How To Become A Tattoo Artist

How Do I Be a Professional Tattoo Artist

Thanks to the popularity of reality tattoo tv there are loads of aspiring tattoo artists. It seems like every artistic friend designs tattoos or draws tattoos or wants to be a tattoo artist. There are 20 aspiring “artists” to every one artist willing to give an apprenticeship. Most artists don’t want more competition, and most aspiring apprentices don’t have what it takes to be a tattoo artist. So what do you need?

Stubbornness

As said, most artists don’t want apprentices. It’s not that they don’t want to pass on the knowledge, it’s just that most of the people they get asking are not the sort of people they want to follow them around for 70 hours a week or they just don’t have the artistic skills to be interesting enough to make it. I knew one girl who got an apprenticeship simply because she wouldn’t go away. She showed up every day, eventually she started answering the phones, cleaning around the shop, and doing the daily “chores” of an apprentice so it just became a natural progression to let her start one.
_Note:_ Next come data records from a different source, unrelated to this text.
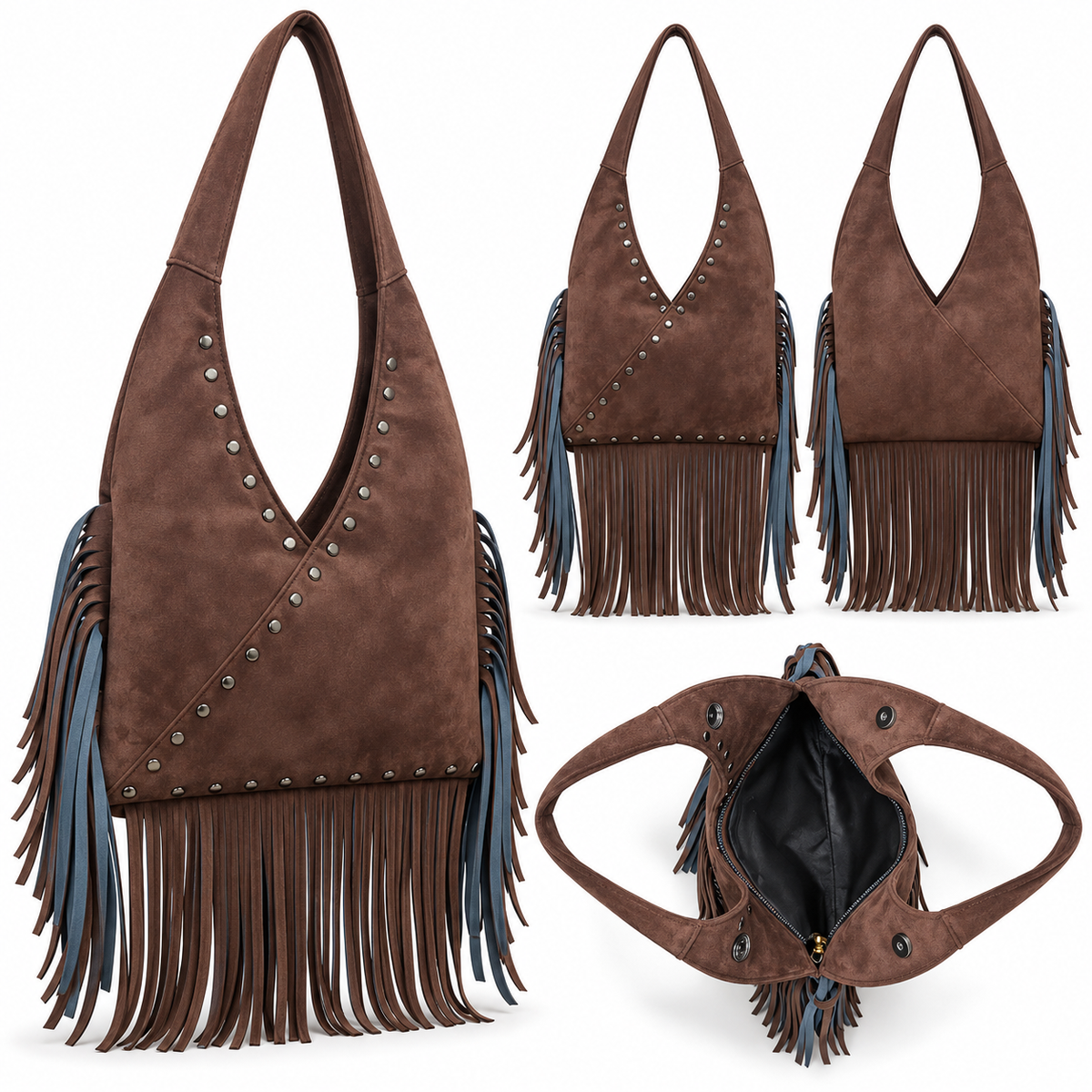 Virella – Fringe Hobo Bag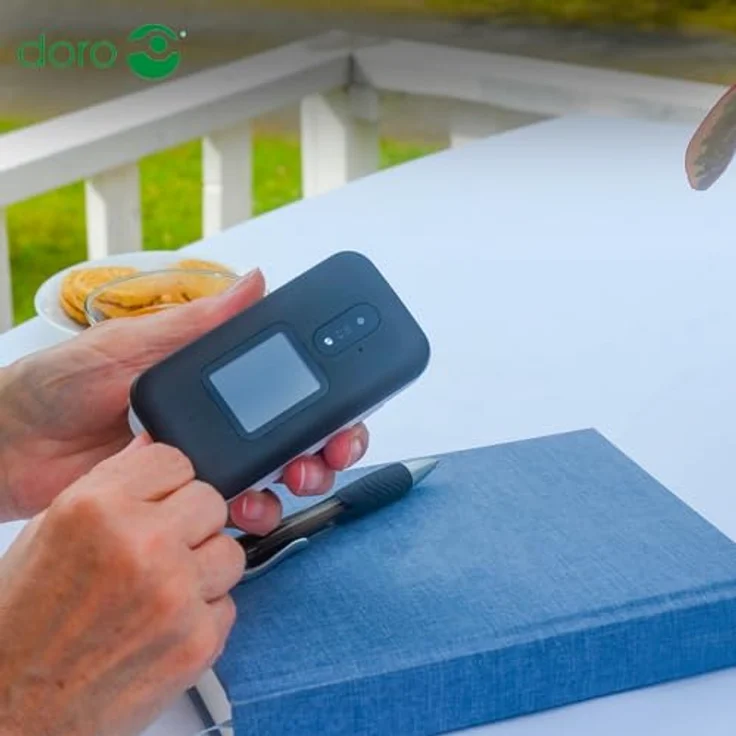 Doro 2880 4G Klapphandy für Senioren - Notruftaste - Einfach zu bedienen - Sprachgesteuerte Tasten - Bluetooth (Rot) – Bild 6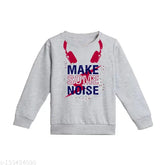 Diamond Art Collection kids sweatshirt, cotton blend long sleeves with printed net design, sizes from 3-4 years to 13-14 years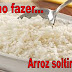 Receita de arroz soltinho para iniciantes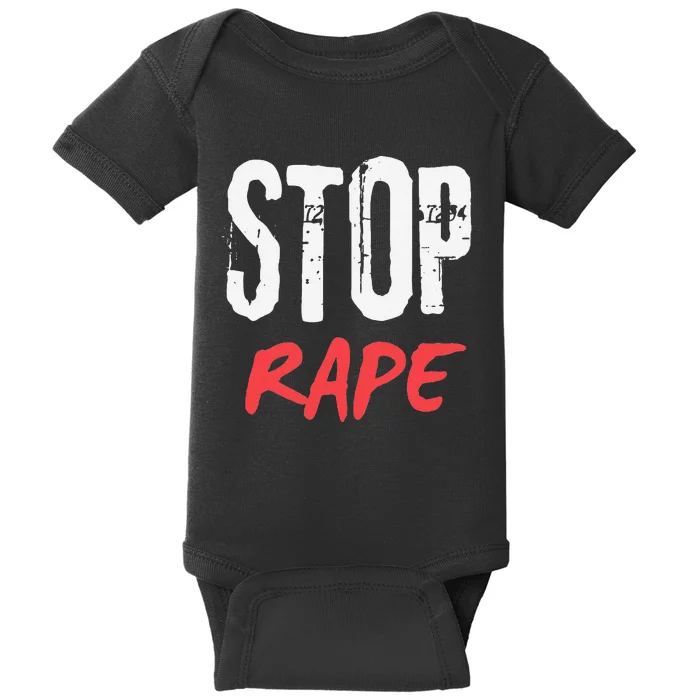 Ststop Rape Culture Awareness Baby Bodysuit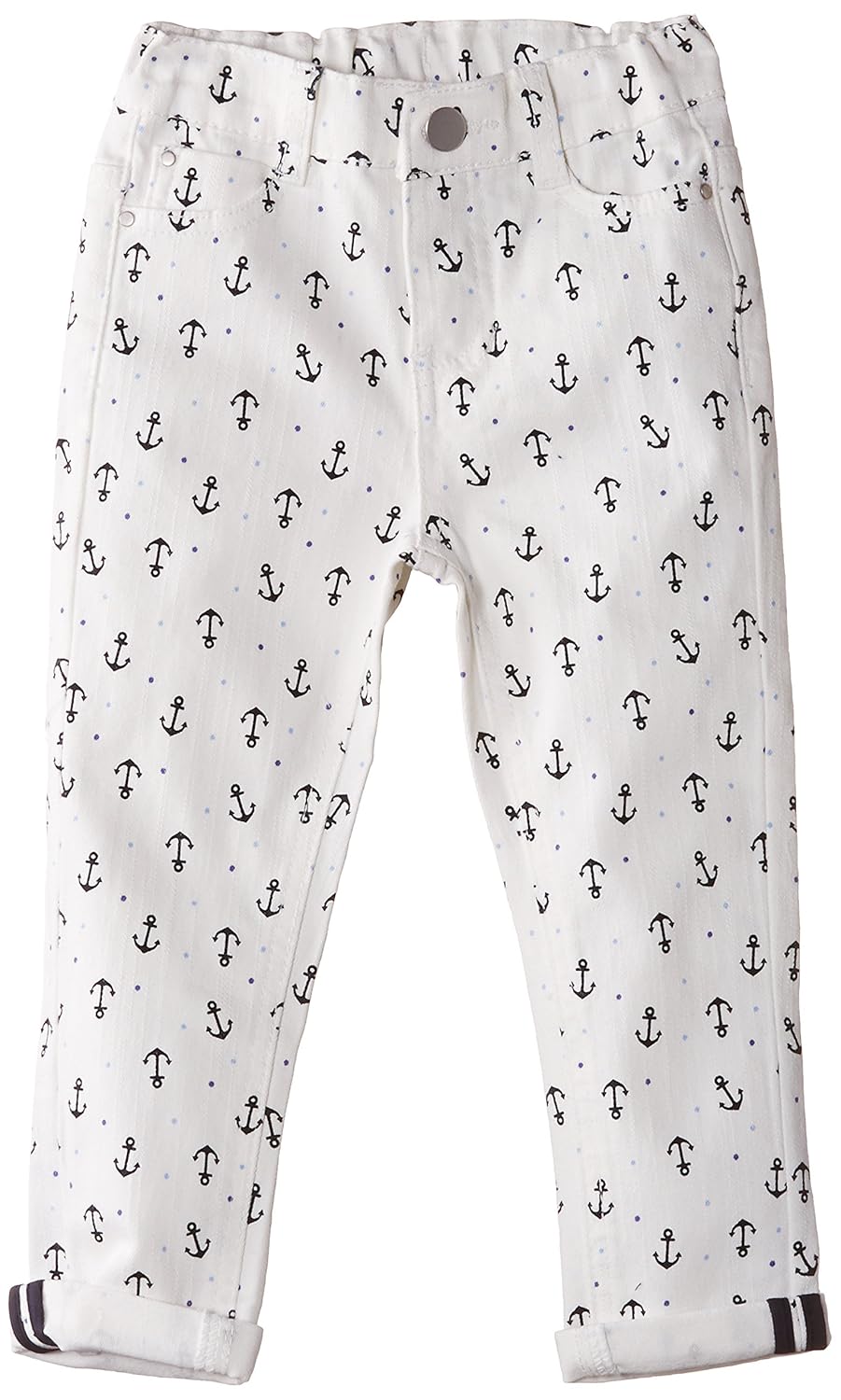 

Pumpkin Patch Little Girls' Anchor Print Jean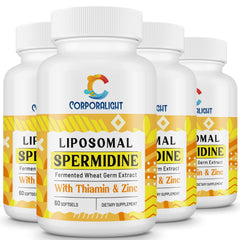 Front view of 30mg Spermidine supplement bottle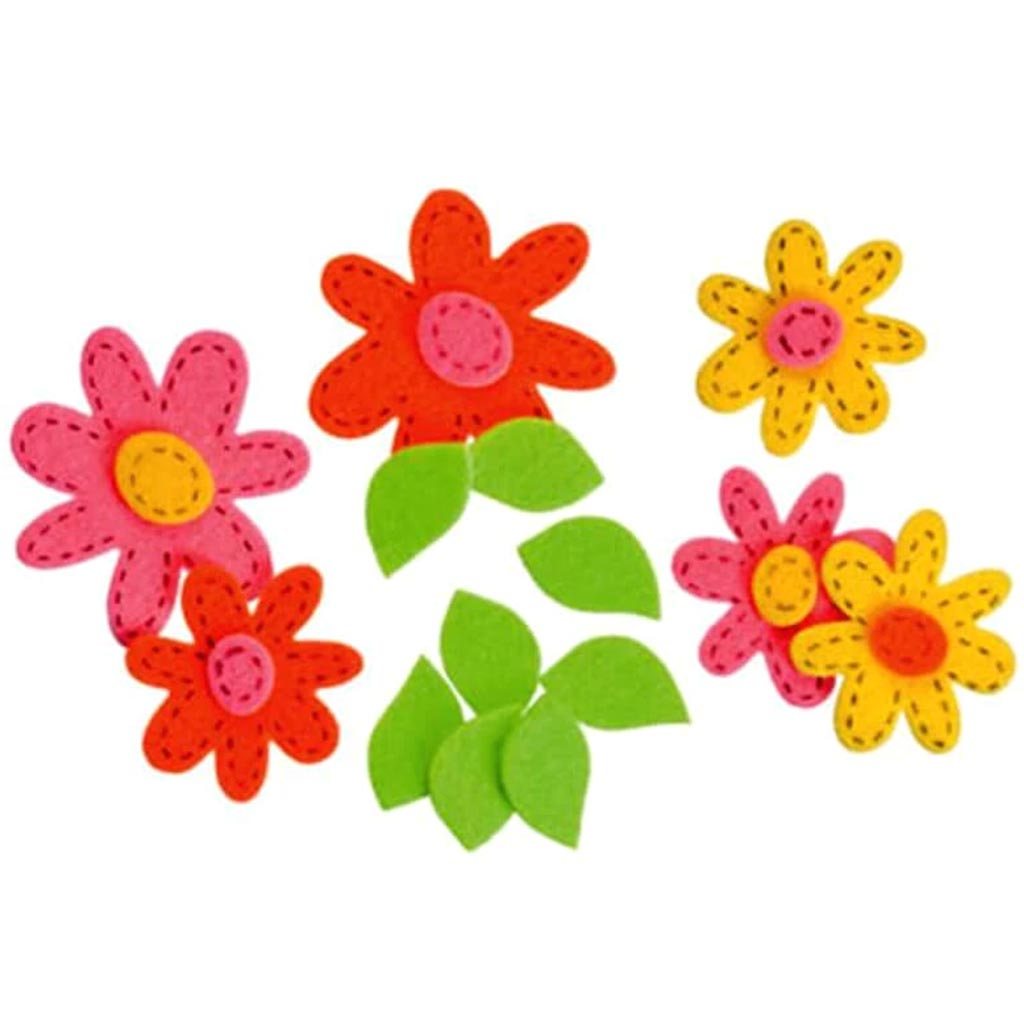 Felties Felt Stickers Stitched Daisies 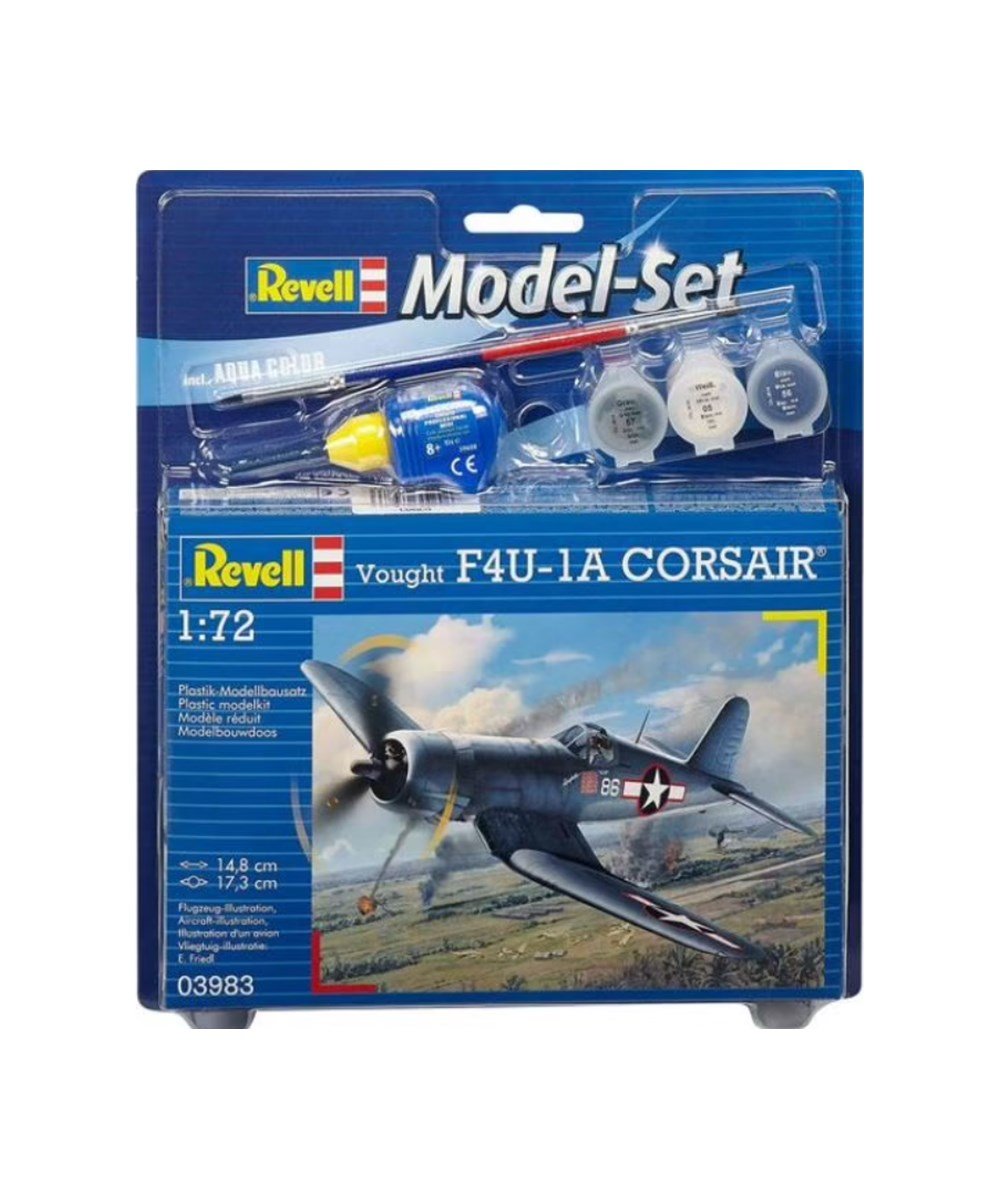Breadcrumbut, REVELL, Revell Model Set Vought F4U 1/72 Maket 63983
Stubbornness will get you a long way so keep pushing if you’re serious and eventually a space will open up.

Draw

Tattooing is drawing 20 – 60 hours a week, more if you count the early mornings and days off spent sketching for the time you don’t have in the shop because you’re tattooing. Drawing, drawing and more drawing is what tattooing is about. If you don’t like to draw, or you’re not good at drawing, why would you want to be a tattoo artist? If you’re not already drawing you should be. Remember that it’s all about quality over quantity. Showing up with 100 poor drawings versus 5 mediocre ones and one amazing one shows that you have the ability to be amazing. I have hired an apprentice based on a single drawing out of a sketchpad of junk. His drawing was awful, but he kept trying and that one drawing showed he had skills I thought were teachable.

Be Reliable

It’s amazing how flighty people can be. The apprentice who promises to be there, then claims car trouble and posts instagram posts getting drunk with friends. Tattooing is a job, an apprenticeship is a job. If you can’t be trusted to show up as an apprentice then you can’t be trusted to show up as an artist and you’ll get fired.

Avoid Tattoo Schools

Traditional apprenticeships are free. In exchange for your blood, sweat, and tears in the shop, plus a reasonable amount of time working as a paid artist you’ll learn skills. There are plenty of “tattoo schools” who say for an exorbitant fee they can teach you to tattoo “in a week” or some other arbitrary time. Tattooing takes practice, muscles in your hand have to be built up and trained to do the job. You can’t benchpress 200lb in a week, so why do you think you could draw with a vibrating 1lb barbell on the end of a needle? Most places that charge for an apprenticeship are only in it for the money and not the craft. Don’t go to them.